Scraped caption text data:
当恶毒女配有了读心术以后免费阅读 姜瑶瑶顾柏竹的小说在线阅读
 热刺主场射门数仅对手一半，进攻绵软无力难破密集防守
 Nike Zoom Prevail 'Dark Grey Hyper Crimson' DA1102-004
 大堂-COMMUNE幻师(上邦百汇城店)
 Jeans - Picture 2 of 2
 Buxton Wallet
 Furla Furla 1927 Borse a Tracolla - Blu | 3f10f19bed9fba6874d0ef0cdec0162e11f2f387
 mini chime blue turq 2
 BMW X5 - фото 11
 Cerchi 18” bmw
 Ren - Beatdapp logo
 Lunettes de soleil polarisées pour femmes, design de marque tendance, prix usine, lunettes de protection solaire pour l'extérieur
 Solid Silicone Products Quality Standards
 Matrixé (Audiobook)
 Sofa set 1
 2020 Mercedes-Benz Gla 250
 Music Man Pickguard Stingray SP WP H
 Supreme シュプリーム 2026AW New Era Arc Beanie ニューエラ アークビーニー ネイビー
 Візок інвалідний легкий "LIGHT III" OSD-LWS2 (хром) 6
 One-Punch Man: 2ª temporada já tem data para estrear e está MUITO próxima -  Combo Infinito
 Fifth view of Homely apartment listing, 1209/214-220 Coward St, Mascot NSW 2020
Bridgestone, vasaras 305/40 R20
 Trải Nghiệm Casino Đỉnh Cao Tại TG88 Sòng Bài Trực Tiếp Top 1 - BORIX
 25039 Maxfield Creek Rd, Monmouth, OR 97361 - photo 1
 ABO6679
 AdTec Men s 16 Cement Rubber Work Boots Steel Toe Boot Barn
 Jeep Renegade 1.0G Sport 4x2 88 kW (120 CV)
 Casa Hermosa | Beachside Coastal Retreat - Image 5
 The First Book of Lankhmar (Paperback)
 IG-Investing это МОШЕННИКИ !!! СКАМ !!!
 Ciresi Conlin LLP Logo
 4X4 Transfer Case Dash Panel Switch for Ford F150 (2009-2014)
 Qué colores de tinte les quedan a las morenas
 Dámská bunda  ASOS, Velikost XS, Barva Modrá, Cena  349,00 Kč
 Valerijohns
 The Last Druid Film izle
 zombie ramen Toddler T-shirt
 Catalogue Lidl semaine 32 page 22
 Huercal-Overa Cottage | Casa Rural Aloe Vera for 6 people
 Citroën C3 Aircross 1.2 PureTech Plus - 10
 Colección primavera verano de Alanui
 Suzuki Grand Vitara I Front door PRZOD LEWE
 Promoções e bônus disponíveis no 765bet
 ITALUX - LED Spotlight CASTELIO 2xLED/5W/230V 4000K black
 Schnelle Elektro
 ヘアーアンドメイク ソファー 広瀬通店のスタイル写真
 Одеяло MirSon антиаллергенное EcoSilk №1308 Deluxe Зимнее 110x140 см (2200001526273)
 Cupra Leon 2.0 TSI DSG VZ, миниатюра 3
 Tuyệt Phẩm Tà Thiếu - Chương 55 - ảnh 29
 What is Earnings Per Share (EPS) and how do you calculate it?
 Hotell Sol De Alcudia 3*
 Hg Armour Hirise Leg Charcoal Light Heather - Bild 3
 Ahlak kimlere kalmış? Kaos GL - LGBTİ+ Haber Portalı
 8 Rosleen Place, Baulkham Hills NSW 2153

About this exercise: Repeat the data above exactly.

Response:
当恶毒女配有了读心术以后免费阅读 姜瑶瑶顾柏竹的小说在线阅读
 热刺主场射门数仅对手一半，进攻绵软无力难破密集防守
 Nike Zoom Prevail 'Dark Grey Hyper Crimson' DA1102-004
 大堂-COMMUNE幻师(上邦百汇城店)
 Jeans - Picture 2 of 2
 Buxton Wallet
 Furla Furla 1927 Borse a Tracolla - Blu | 3f10f19bed9fba6874d0ef0cdec0162e11f2f387
 mini chime blue turq 2
 BMW X5 - фото 11
 Cerchi 18” bmw
 Ren - Beatdapp logo
 Lunettes de soleil polarisées pour femmes, design de marque tendance, prix usine, lunettes de protection solaire pour l'extérieur
 Solid Silicone Products Quality Standards
 Matrixé (Audiobook)
 Sofa set 1
 2020 Mercedes-Benz Gla 250
 Music Man Pickguard Stingray SP WP H
 Supreme シュプリーム 2026AW New Era Arc Beanie ニューエラ アークビーニー ネイビー
 Візок інвалідний легкий "LIGHT III" OSD-LWS2 (хром) 6
 One-Punch Man: 2ª temporada já tem data para estrear e está MUITO próxima -  Combo Infinito
 Fifth view of Homely apartment listing, 1209/214-220 Coward St, Mascot NSW 2020
Bridgestone, vasaras 305/40 R20
 Trải Nghiệm Casino Đỉnh Cao Tại TG88 Sòng Bài Trực Tiếp Top 1 - BORIX
 25039 Maxfield Creek Rd, Monmouth, OR 97361 - photo 1
 ABO6679
 AdTec Men s 16 Cement Rubber Work Boots Steel Toe Boot Barn
 Jeep Renegade 1.0G Sport 4x2 88 kW (120 CV)
 Casa Hermosa | Beachside Coastal Retreat - Image 5
 The First Book of Lankhmar (Paperback)
 IG-Investing это МОШЕННИКИ !!! СКАМ !!!
 Ciresi Conlin LLP Logo
 4X4 Transfer Case Dash Panel Switch for Ford F150 (2009-2014)
 Qué colores de tinte les quedan a las morenas
 Dámská bunda  ASOS, Velikost XS, Barva Modrá, Cena  349,00 Kč
 Valerijohns
 The Last Druid Film izle
 zombie ramen Toddler T-shirt
 Catalogue Lidl semaine 32 page 22
 Huercal-Overa Cottage | Casa Rural Aloe Vera for 6 people
 Citroën C3 Aircross 1.2 PureTech Plus - 10
 Colección primavera verano de Alanui
 Suzuki Grand Vitara I Front door PRZOD LEWE
 Promoções e bônus disponíveis no 765bet
 ITALUX - LED Spotlight CASTELIO 2xLED/5W/230V 4000K black
 Schnelle Elektro
 ヘアーアンドメイク ソファー 広瀬通店のスタイル写真
 Одеяло MirSon антиаллергенное EcoSilk №1308 Deluxe Зимнее 110x140 см (2200001526273)
 Cupra Leon 2.0 TSI DSG VZ, миниатюра 3
 Tuyệt Phẩm Tà Thiếu - Chương 55 - ảnh 29
 What is Earnings Per Share (EPS) and how do you calculate it?
 Hotell Sol De Alcudia 3*
 Hg Armour Hirise Leg Charcoal Light Heather - Bild 3
 Ahlak kimlere kalmış? Kaos GL - LGBTİ+ Haber Portalı
 8 Rosleen Place, Baulkham Hills NSW 2153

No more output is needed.